There were changes around rates that came into effect in 2020, said a spokesperson for the Department of Social Protection.
Single people often struggle to move on from homelessness because rent subsidy rates for them are far removed from the reality of city rents, says Rivera, the project worker. “Singles are really stuck.”
Those who are aged under 25, meanwhile, are even worse off than older single people, for several reasons, says Rivera.
Landlords might make assumptions about young people having parties or might require references from previous tenancies, which most young people don’t have, he says.
And, young people can get trapped in homelessness because they’re on the lower social welfare payment rate, he says.
“If a landlord knows you are on social welfare but you are getting the low rate, they might not want to go with you,” he says.
If they get into a HAP property, they can apply to get an increase in their social welfare, but will often need some money up front, he says.
Often a good chunk of a young person’s money goes on their service charges in the homeless hostel too, he says.
Hill says that she was paying a reduced rate of €27 per week to the Peter McVerry Trust due to being on the lower payment.
But service charges in hostels can be as high as €50 per week, says Rivera.
That leaves young people with very little money left from their social welfare payments. “Most people suffer quite a bit when they are on that rate and in homeless accommodation,” says Rivera.
The lower rate of €112.70 for jobseekers 18–24 is meant to “incentivise them to engage in education or training to improve their chances of obtaining full time sustainable employment”, a spokesperson for the Department of Social Protection said.

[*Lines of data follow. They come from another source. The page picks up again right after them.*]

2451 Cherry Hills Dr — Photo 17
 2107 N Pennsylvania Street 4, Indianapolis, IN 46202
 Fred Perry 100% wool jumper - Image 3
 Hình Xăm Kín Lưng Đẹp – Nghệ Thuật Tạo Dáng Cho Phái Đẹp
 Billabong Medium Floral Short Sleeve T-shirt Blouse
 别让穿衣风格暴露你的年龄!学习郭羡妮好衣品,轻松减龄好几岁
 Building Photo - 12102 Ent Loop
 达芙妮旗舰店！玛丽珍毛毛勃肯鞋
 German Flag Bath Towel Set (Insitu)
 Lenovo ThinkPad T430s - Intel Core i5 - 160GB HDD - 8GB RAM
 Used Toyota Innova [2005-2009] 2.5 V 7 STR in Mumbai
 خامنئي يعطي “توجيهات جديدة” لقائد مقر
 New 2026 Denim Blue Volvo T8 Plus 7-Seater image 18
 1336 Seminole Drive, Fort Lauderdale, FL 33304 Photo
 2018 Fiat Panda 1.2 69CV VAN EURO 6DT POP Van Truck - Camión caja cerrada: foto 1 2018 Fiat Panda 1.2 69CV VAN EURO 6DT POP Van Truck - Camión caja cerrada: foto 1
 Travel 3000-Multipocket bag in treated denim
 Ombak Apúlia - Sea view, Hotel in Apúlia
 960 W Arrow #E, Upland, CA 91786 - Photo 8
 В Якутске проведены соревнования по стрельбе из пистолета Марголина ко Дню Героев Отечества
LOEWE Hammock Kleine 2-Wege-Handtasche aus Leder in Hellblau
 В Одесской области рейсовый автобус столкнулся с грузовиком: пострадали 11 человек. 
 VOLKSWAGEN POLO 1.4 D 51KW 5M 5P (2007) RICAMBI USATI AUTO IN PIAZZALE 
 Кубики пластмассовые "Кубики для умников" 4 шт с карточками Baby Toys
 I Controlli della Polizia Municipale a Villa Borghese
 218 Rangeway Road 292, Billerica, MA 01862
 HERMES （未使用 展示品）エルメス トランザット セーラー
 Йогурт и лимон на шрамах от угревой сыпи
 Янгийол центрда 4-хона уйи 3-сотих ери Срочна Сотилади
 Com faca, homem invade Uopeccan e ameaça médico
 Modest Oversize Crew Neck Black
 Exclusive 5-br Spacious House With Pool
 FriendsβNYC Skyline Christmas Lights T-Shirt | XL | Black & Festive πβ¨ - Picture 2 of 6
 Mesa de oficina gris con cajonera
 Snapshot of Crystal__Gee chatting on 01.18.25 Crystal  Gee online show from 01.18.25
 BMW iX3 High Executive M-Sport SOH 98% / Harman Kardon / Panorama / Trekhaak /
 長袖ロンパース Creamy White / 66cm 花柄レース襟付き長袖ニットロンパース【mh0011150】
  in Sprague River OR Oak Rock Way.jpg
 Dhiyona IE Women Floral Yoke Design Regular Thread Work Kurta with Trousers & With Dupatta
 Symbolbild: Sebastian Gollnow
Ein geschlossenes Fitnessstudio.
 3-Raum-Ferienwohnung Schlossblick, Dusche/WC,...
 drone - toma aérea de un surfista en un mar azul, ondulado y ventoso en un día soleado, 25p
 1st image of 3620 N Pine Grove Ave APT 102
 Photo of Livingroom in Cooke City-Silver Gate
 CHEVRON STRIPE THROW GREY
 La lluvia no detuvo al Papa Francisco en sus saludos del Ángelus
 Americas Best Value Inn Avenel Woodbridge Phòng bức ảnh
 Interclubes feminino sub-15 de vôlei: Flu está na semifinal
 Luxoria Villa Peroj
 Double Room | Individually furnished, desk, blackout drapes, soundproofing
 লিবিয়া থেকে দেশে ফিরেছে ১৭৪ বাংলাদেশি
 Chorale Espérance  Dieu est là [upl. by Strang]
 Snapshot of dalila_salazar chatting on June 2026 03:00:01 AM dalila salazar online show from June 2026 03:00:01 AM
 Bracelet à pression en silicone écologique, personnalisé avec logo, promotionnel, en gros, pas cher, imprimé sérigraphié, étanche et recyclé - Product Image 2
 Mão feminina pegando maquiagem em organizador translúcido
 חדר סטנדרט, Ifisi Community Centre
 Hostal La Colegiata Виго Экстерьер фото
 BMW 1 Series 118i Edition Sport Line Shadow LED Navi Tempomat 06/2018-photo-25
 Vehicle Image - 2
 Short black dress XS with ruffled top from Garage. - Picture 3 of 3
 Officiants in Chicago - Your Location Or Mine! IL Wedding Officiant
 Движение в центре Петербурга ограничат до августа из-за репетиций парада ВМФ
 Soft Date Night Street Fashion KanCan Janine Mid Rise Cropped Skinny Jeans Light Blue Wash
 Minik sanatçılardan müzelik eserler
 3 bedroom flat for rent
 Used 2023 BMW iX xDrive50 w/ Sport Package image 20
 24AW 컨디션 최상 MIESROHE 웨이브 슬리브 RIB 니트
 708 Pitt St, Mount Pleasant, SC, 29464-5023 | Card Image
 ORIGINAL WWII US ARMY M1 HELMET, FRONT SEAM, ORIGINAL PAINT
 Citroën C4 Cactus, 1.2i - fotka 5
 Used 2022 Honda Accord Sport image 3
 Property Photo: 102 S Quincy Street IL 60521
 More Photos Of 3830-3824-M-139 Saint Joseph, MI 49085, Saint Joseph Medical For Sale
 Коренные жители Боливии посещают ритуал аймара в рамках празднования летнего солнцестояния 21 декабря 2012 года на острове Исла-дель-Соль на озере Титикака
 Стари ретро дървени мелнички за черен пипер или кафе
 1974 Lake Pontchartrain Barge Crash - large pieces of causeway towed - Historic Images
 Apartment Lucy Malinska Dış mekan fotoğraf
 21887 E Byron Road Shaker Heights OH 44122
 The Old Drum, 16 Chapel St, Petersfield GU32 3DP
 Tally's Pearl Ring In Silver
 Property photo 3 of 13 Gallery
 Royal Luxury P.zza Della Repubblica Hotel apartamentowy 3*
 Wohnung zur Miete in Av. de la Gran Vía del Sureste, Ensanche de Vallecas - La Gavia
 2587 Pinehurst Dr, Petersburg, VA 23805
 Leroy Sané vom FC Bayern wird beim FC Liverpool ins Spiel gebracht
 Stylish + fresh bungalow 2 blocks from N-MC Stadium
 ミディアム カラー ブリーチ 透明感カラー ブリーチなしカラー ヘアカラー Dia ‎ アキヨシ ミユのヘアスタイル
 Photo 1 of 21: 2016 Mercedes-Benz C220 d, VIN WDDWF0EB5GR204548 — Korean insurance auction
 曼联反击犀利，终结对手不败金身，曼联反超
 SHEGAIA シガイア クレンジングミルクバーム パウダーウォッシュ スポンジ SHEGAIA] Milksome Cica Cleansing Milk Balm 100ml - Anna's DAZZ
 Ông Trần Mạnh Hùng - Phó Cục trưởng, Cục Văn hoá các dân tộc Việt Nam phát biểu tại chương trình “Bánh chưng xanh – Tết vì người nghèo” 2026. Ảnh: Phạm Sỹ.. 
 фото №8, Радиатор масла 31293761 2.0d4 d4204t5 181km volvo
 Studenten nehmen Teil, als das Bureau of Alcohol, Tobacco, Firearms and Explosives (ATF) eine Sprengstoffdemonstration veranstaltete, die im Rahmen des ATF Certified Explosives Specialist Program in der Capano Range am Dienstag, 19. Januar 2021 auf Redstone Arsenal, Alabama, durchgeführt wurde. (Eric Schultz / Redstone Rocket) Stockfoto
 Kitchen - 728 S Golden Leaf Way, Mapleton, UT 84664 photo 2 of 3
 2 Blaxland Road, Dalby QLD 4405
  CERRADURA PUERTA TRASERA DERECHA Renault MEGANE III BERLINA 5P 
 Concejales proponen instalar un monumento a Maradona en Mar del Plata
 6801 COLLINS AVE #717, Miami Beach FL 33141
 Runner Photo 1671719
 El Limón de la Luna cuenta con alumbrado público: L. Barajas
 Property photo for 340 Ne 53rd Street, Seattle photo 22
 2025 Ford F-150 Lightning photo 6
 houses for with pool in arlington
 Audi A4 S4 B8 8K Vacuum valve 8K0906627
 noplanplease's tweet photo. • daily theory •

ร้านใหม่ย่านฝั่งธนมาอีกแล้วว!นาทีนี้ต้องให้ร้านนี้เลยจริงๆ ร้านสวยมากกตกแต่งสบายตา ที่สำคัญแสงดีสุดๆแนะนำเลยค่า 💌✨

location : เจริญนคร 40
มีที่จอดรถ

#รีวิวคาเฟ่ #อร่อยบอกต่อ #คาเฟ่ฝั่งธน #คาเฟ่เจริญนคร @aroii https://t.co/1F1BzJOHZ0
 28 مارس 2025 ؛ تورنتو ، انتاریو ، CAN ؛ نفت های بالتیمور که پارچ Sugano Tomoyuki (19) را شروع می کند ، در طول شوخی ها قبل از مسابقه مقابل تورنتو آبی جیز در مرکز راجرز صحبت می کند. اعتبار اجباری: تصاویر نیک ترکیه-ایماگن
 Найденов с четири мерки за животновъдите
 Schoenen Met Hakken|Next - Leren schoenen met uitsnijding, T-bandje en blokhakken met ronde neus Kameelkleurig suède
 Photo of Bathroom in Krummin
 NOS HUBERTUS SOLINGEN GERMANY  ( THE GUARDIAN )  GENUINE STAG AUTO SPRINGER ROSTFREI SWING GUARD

Those in education or training can get a higher rate and so can those who are renting independently of their parents and availing of rent subsidies including HAP, they said.
The spokesperson didn’t directly respond to a question as to why those people living in homeless services are not classed as living independently.
“I’ve done everything I’ve been told to do,” said Hill on the phone on Tuesday 27 April. She had been running around that day between different agencies gathering documents.
She was trying to sell her phone to get the money for the landlord, which he expected the following day, she said. “I feel like I’m being set up to fail.”
She went to Intreo, but they told her she needed to bring in a copy of her lease, which she didn’t yet have.
Then, she spoke to staff at Peter McVerry Trust. They agreed to help her with the money, she says.
On Friday 30 April, Hill said she paid the landlord €60 out of her social welfare and that the Peter McVerry Trust is going to cover the rest.
A person can make an application for exceptional needs “to help meet essential, once-off expenditure which a person could not reasonably be expected to meet out of their weekly income”, the spokesperson for the Department of Social Protection said.
The spokesperson for the Department of Housing says the programme for government includes a commitment to develop a National Youth Homelessness Strategy.
That will be drawn up this year, in cooperation with the Minister for Youth and Children, they said.
The Minister for Housing has a homelessness task force that includes the DRHE, NGOs and the housing advice charity Threshold, which will be consulted in the development of the strategy, they said.